Western Mines Group “wildcat” extends Mulga Tank complex

Updated: Apr 30


Western Mines Group high-grade nickel sulphide in drill core. Credit: File

A diamond drillhole described by Western Mines Group as something of a “wildcat” at its Mulga Tank project in Western Australia has helped expand evidence of significant massive nickel sulphide formation processes out to about 4.5km


The company says results from the hole (known as MTD027) opens up the complex’s eastern margin as an exploration target for massive nickel sulphides and shows the deposit extends to much greater depth than the western side. It says it has significantly expanded its understanding of its ultramafic-hosted, nickel-bearing sulphide system in its flagship Mulga Tank ultramafic complex.


The hole is the sixth in the company’s phase two program. It was drilled to 1662m downhole and was designed to test a coincident gravity and magnetic high, a minor moving loop electromagnetic survey (MLEM) anomaly and the presence of nickel sulphide mineralisation far out on the eastern side of the complex, in an area that has had no previous drilling.


Management says the hole successfully intersected more than 1500m of variably serpentinised and talc-carbonate-altered high magnesium meso-adcumulate dunite ultramafic rocks beneath 84m of sand cover, running from 84m to 1630.9m. It then encountered a basalt and silicified shale footwall to 1662.3m, with more than 950m of cumulative disseminated nickel sulphide mineralisation and many remobilised sulphide veinlets.

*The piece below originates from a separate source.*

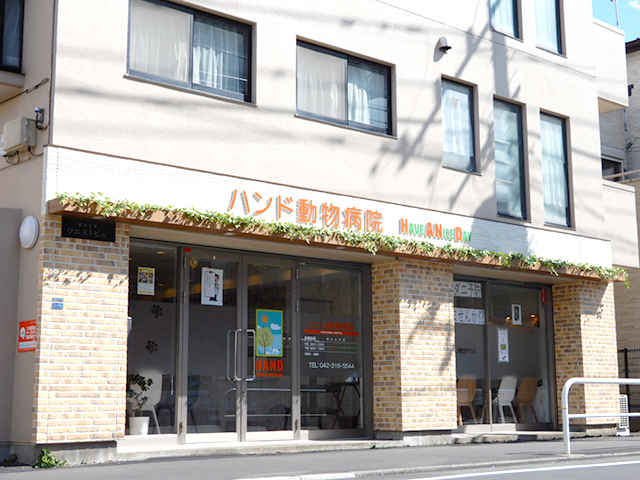 小金井市の犬を診察する動物病院 東京ドクターズ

“MTD027 was something of a ‘wildcat’ hole out on the eastern margin, in an undrilled area of the Mulga Tank Complex. Very encouragingly nickel sulphide mineralisation was seen down the length of the hole. Given the visual observations we were committed to intersecting the basal contact in this area, and the hole went deeper than expected, ending up being the deepest drilled to date. The footprint of the sulphide mineral system has now been demonstrated across the entire ~4.5km wide body of the Complex from hole MTD022 in the west to this hole MTD027 in the east. The results of the drilling continue to refine our model of the Mulga Tank Ultramafic Complex.“ Western Mines Group managing director Caedmon Marriott

The phase two program includes two deep holes that have already been drilled with the aid of the company’s $220,000 Exploration Incentive Scheme (EIS) funding from the State Government. The second EIS drillhole was completed recently to a depth of 1548.3m – the deepest hole ever drilled at the Mulga Tank project.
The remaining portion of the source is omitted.